# Required work
Only the lines from the line containing "CORD coalition to" to the end of the material belong in the copy; set them down exactly, without pictures.

# Data segment
════════════════
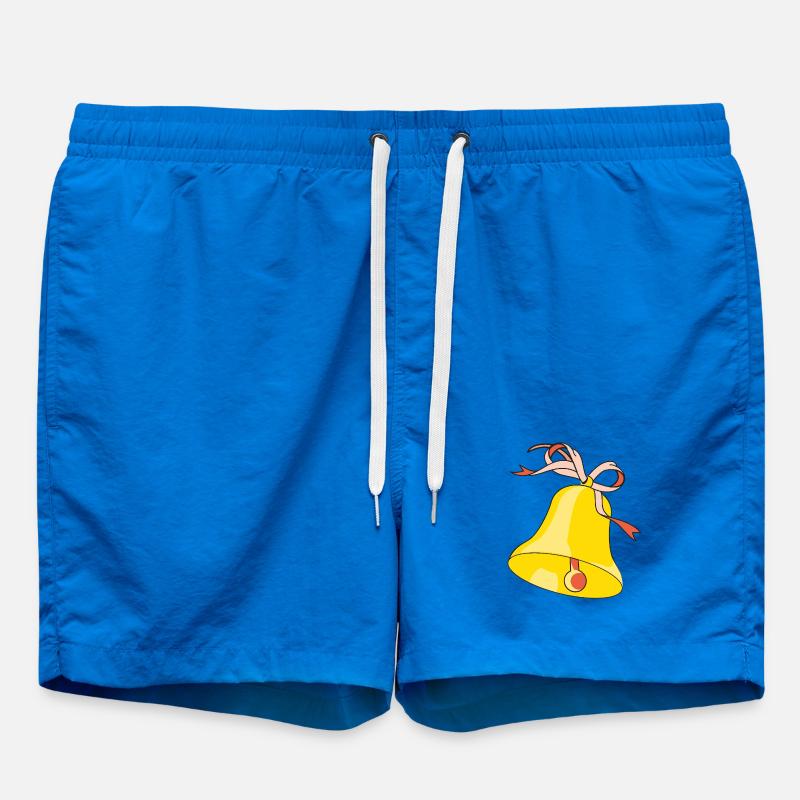 Bell with loop - Swim Trunks - cobalt blue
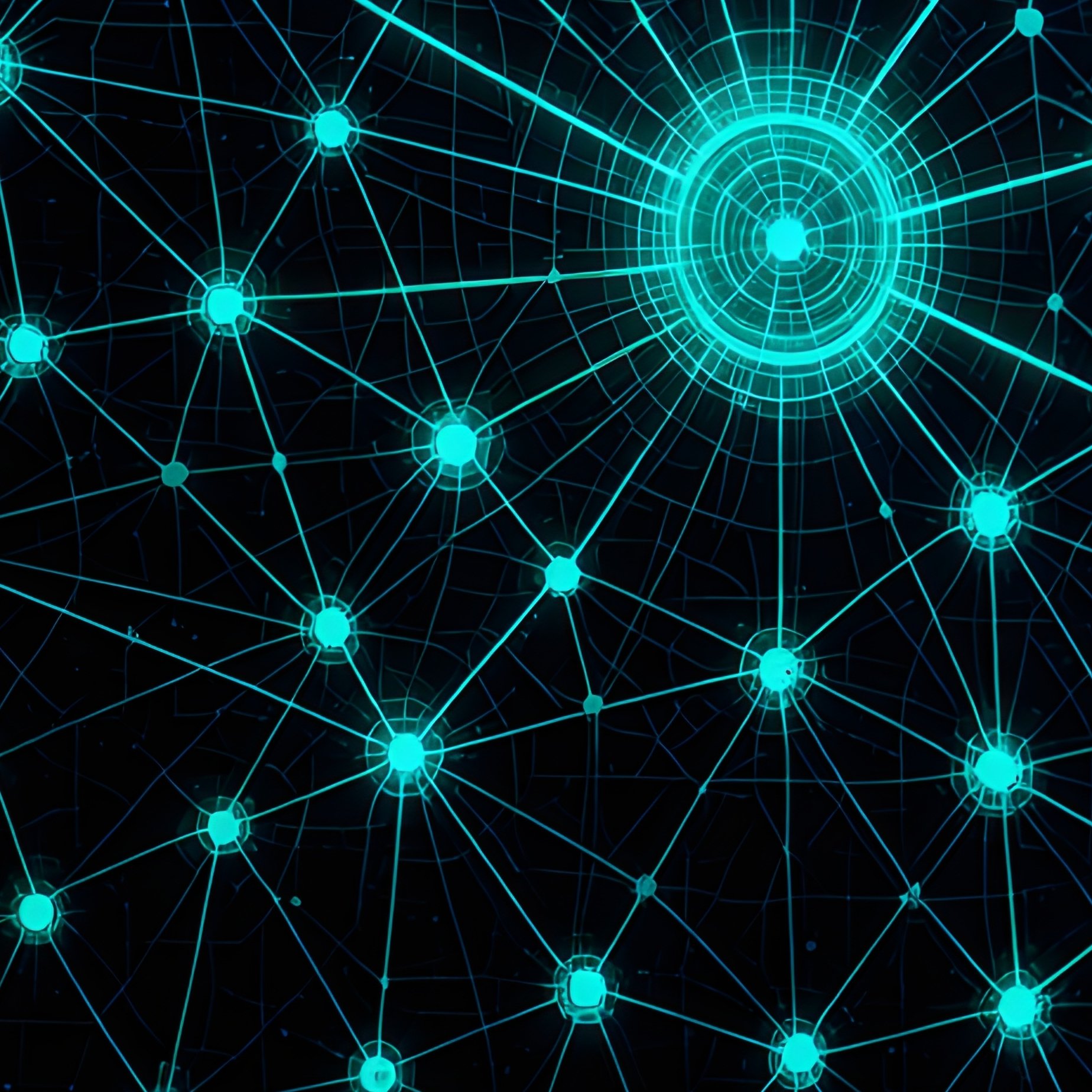 Network Map Wall Monitor - Full Resolution Quality Preview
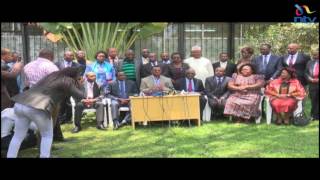 CORD coalition to be registered as a political party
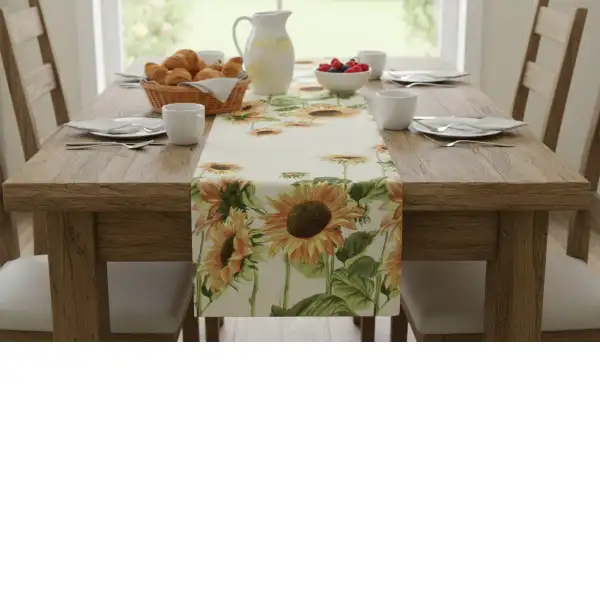 Sunflowers Runner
════════════════
# Answer for the task
 CORD coalition to be registered as a political party
 Sunflowers Runner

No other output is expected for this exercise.